## TASK DIRECTIONS:
Leave out the pictures and print the records below exactly.

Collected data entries
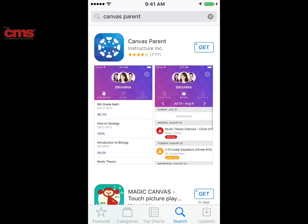This app is available on Android devices, but I'm going to show you this from an iOS device. You can see I went to the App Store, typed in Canvas Parent app, and now I'm going to click on this to download it to my iPhone.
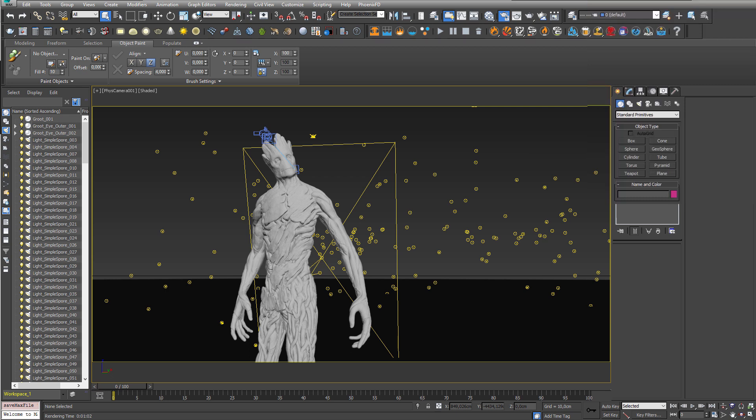So to test the new adaptive lighting algorithm in a scene with a lot of lights, I had this old Groot scene with Groot and these glowing creatures.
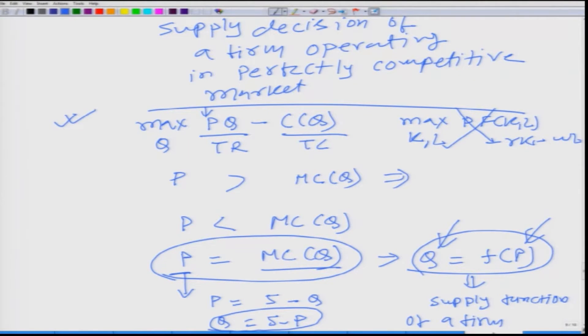But we have some disclaimers that we should focus on next. Remember, we used only the first order condition, and from the first order condition we got q as a function of p. When we were doing profit maximization, we talked about how the second order condition is also important, because it is very much possible that instead of profit maximization, we are doing profit minimization. The mathematical condition remains the same for both profit maximization and minimization.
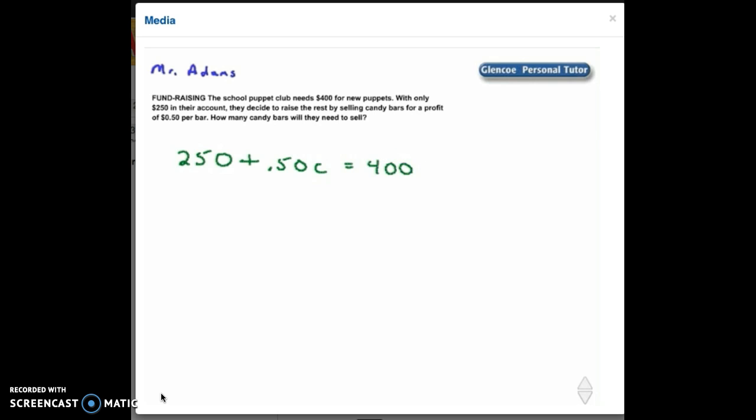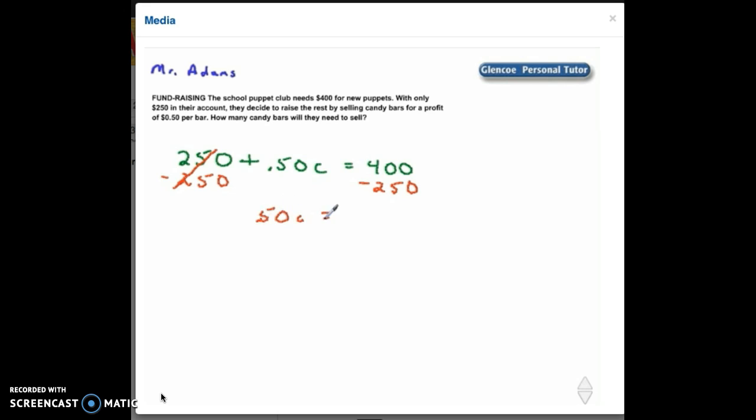The first step in solving the equation: we're going to subtract $250 from both sides. My $250 over here are going to cancel out. I'm left with $0.50 times my candy bars equals $150.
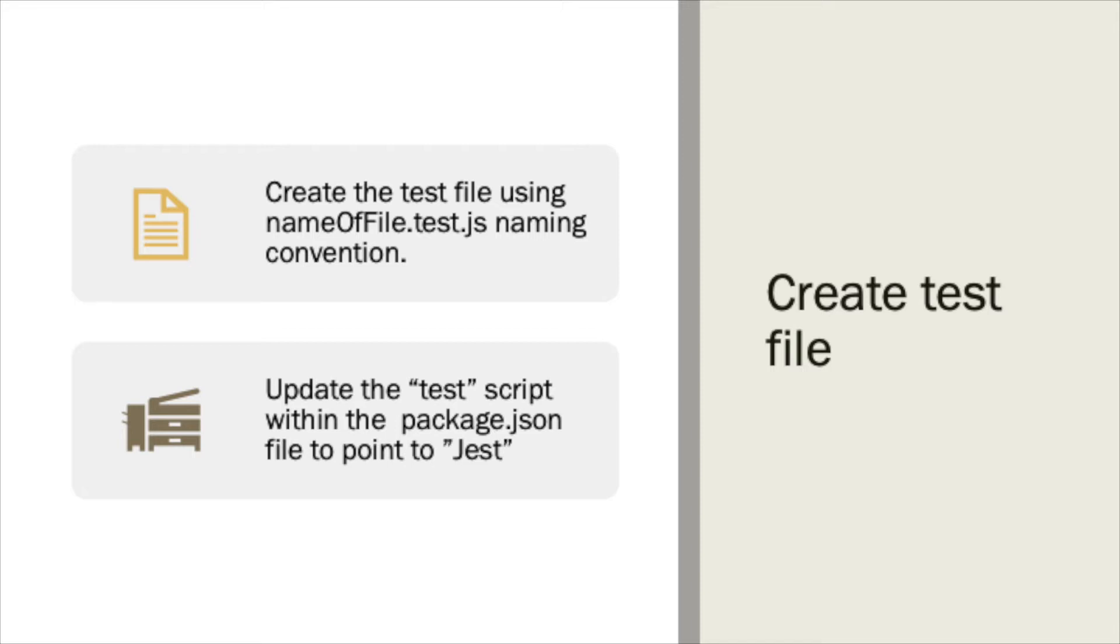Within our working directory, we will create a new file using the naming convention nameoffile.test.js. Once we have the test file created, we will go into our package.json and update the test script to point to Jest.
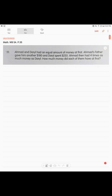Page 35: Ahmad and Daryl had an equal amount of money at first. Ahmad's father gave him another 180 dollars and Daryl spent 255 dollars. Ahmad then had four times as much money as Daryl. How much money did each of them have at first? This is your before-and-after concept.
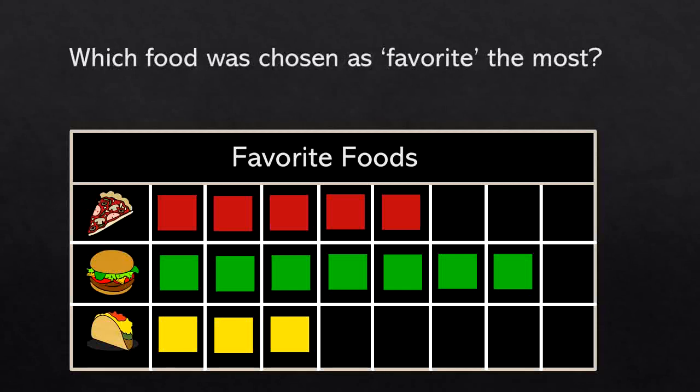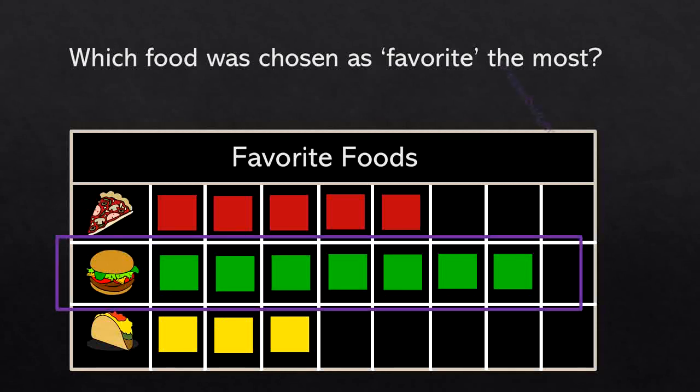Which food was chosen as favorite the most? Let's look at our graph. This is pretty easy to see because we just need to look for the most filled-in bar. Is it pizza, cheeseburger, or taco? It's cheeseburger. Great job — cheeseburger was chosen as favorite the most.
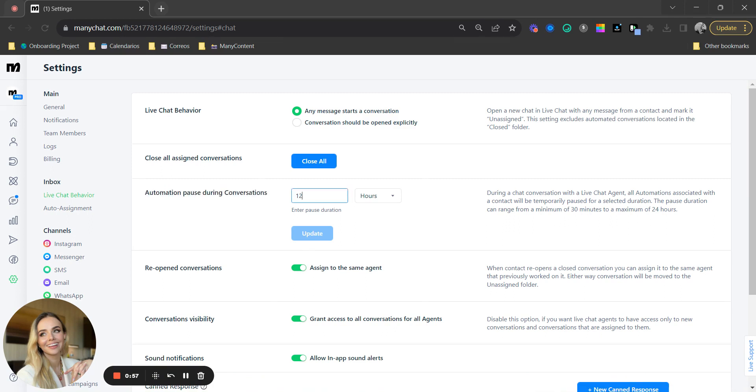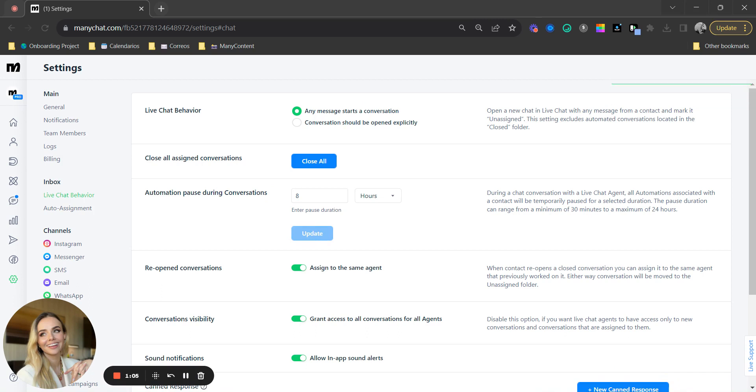So now in this area, you can personalize how many hours your automation is going to stop before starting again. So you can select for minutes or hours up to 24 hours.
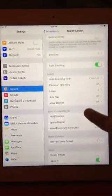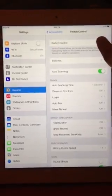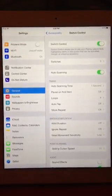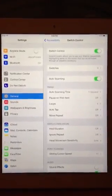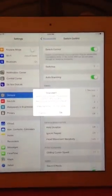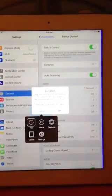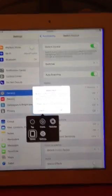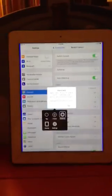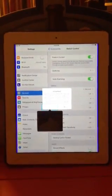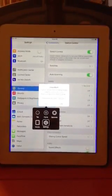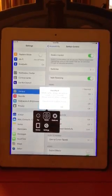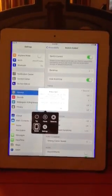I'm going to turn Switch Control on. Switch Control can also be turned on by triple-clicking your home button. Right now it's going through — you can see the blue lines on the edge of my iPad; that's where it is picking up my head movement. It's going really fast, so I'm going to stop it.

## TASK OUTPUT:
This app is available on Android devices, but I'm going to show you this from an iOS device. You can see I went to the App Store, typed in Canvas Parent app, and now I'm going to click on this to download it to my iPhone.
So to test the new adaptive lighting algorithm in a scene with a lot of lights, I had this old Groot scene with Groot and these glowing creatures.
But we have some disclaimers that we should focus on next. Remember, we used only the first order condition, and from the first order condition we got q as a function of p. When we were doing profit maximization, we talked about how the second order condition is also important, because it is very much possible that instead of profit maximization, we are doing profit minimization. The mathematical condition remains the same for both profit maximization and minimization.
The first step in solving the equation: we're going to subtract $250 from both sides. My $250 over here are going to cancel out. I'm left with $0.50 times my candy bars equals $150.
Within our working directory, we will create a new file using the naming convention nameoffile.test.js. Once we have the test file created, we will go into our package.json and update the test script to point to Jest.
Page 35: Ahmad and Daryl had an equal amount of money at first. Ahmad's father gave him another 180 dollars and Daryl spent 255 dollars. Ahmad then had four times as much money as Daryl. How much money did each of them have at first? This is your before-and-after concept.
Which food was chosen as favorite the most? Let's look at our graph. This is pretty easy to see because we just need to look for the most filled-in bar. Is it pizza, cheeseburger, or taco? It's cheeseburger. Great job — cheeseburger was chosen as favorite the most.
So now in this area, you can personalize how many hours your automation is going to stop before starting again. So you can select for minutes or hours up to 24 hours.
I'm going to turn Switch Control on. Switch Control can also be turned on by triple-clicking your home button. Right now it's going through — you can see the blue lines on the edge of my iPad; that's where it is picking up my head movement. It's going really fast, so I'm going to stop it.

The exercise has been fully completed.